Note: This is not a recommendation to buy or sell any security, but is merely a personal analysis to foster discussion for informational purposes only. At the time of this writing, I and/or funds I maintain discretionary control over, did not maintain a position (long or short) in OPSW.

Facebook: Now that's a platform...

Logo_facebookrgb7inch Facebook has been, by any measure, a runaway success story. Yet, because of its original nature [exclusively for college students], I never really peeled back the layers of the onion and figured it was something "not meant for me." But as most of you know, Facebook has opened its kimono to everyone and, in the process, has become far more accessible for old (class of '96) fogies like me.

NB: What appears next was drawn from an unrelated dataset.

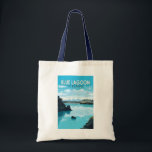 Bolsa Tote Blue Lagoon Islândia Viagem Art Vintage<br><div class="desc">Lagoa Azul,  design de arte vetorial da Islândia. A Lagoa Azul é uma spa geotérmica no sudoeste da Islândia. A spa está localizada num campo de lava perto de Grindavík e em frente ao Monte Þorbjörn,  na Península de Reykjanes.</div>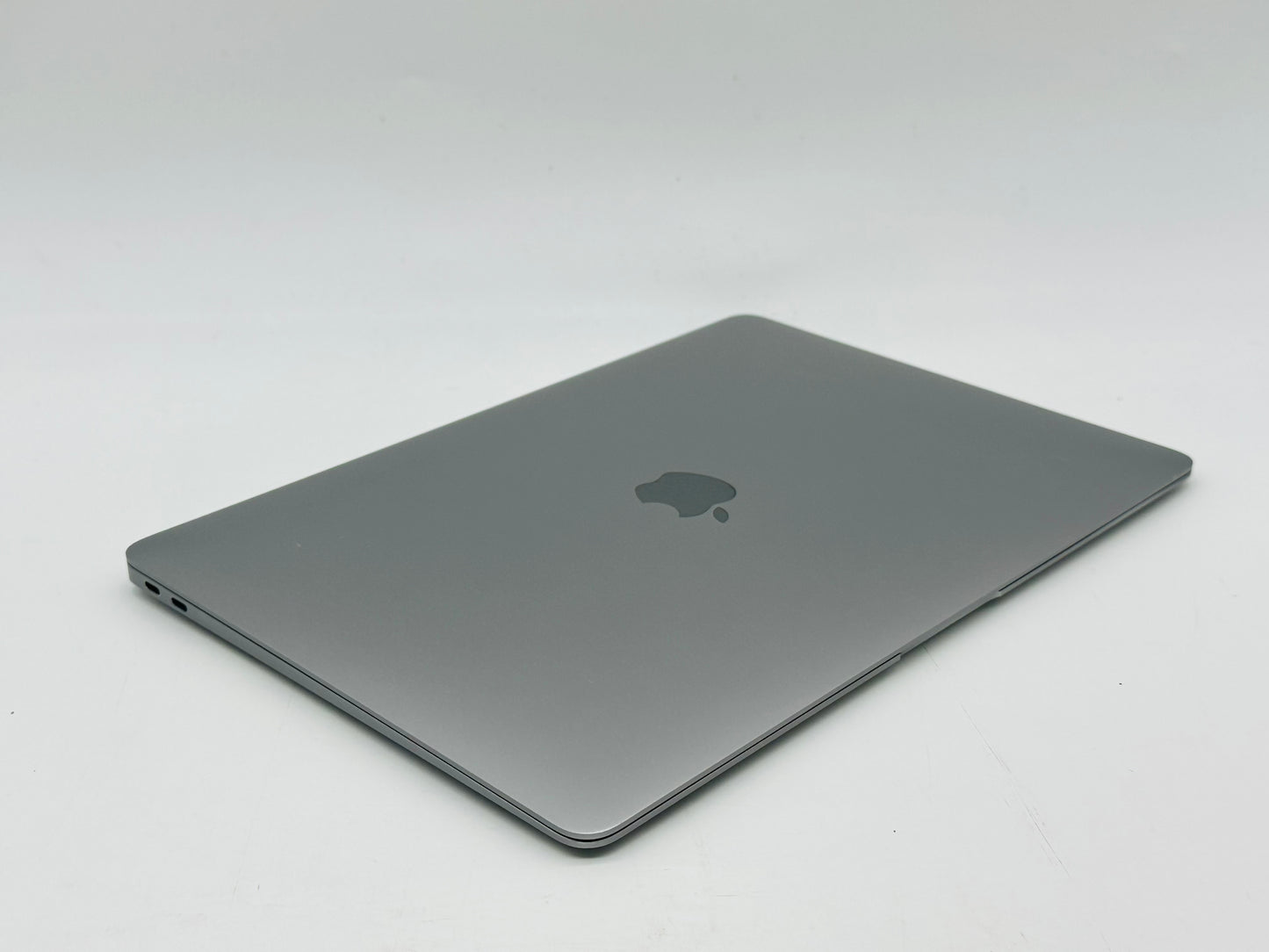 Apple 2019 13 in MacBook Air 1.6GHz Dual-Core i5 16GB RAM 256GB SSD IUG617 AC+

Even so, it wasn't until the last two weeks that I've really begun to understand what Facebook represents. I've never been much of a MySpace guy, so I still had little reason to think Facebook would be beneficial for the way I network, communicate, and collaborate. That is, until I started getting invites from colleagues around the world asking me to become their Facebook friends. I would've chalked up one or two requests as random curiosity on the part of my friends, but dozens? That was worth creating a profile and checking it out.

Within minutes I could already see Facebook would be more useful to me than LinkedIn. You can add a layer of detail to your interpersonal relationships that LinkedIn has failed to embrace.

Facebookprofilescreenshot_2
And then I read Marc Andreessen's blog post analyzing Facebook. Make no mistake, Andreessen has taken to blogging in a way few can rival. In fact, it almost pains me to read his blog now because in a matter of weeks he's mastered a form of expression I still toil at after 18 months actively blogging.

Marc does a fantastic job explaining what Facebook is, why it's far more important than many realize, and why it's only going to get more important.

[Marc's Blog] Analyzing the Facebook Platform three weeks in...

After spending some time building up my Facebook Profile and talking to colleagues about its power as a platform, my mind began racing about how Facebook (and other popular social networking sites like MySpace) is potentially disruptive in a way that many corporate focused "platforms" really aren't. I've spent a fair amount of time dissecting Salesforce.com's AppExchange, and SAP's SDN, and WebEx Connect; yet none of these hold the power that Facebook has, in my view. Despite feeling like I was onto something intuitively, I have been racking my brain to articulate why Facebook is more important than the aforementioned business platform plays.

Thanks to my good buddy Jeff, I no longer need to worry. Jeff hits the nail on the head as he posits the importance of Facebook and why it's different from other "platforms" we hear about so often in the world of enterprise software.

...Without question the large vendors look at Myspace and Facebook as mere toys and that reflects as much a misunderstanding of what these things are as it does the cultural disconnect that many enterprise software executives have with the broader market. They will say things like "our customers don’t use those services" without considering that while the CIO isn’t using them it’s an odds on favorite that a good number of people in the organization are.

It’s also worth pointing out that enterprise vendors consistently put themselves at the center of the universe like an aging movie star that doesn’t realize s/he is told old to play the role (think Sharon Stone in Basic Instinct 2). SAP/Oracle/Microsoft/IBM may be the gorillas in the global enterprise market but selling to 50,000 global customers out of a market of 100 million businesses (that’s a guess, I don’t know what the actual stat is) is hardly going to drive the growth each is predicting. This dovetails with something else I talk about frequently, selling to users instead of organizations.

The initiatives that each of the MISO vendors have spawned around widgets is a good start, but it’s not enough. Prosumer users really require the ability to create rich applications outside of the usual development platform, and to that degree SAP and Oracle in particular should be expanding their API support to include Facebook and Myspace integration...[cont.]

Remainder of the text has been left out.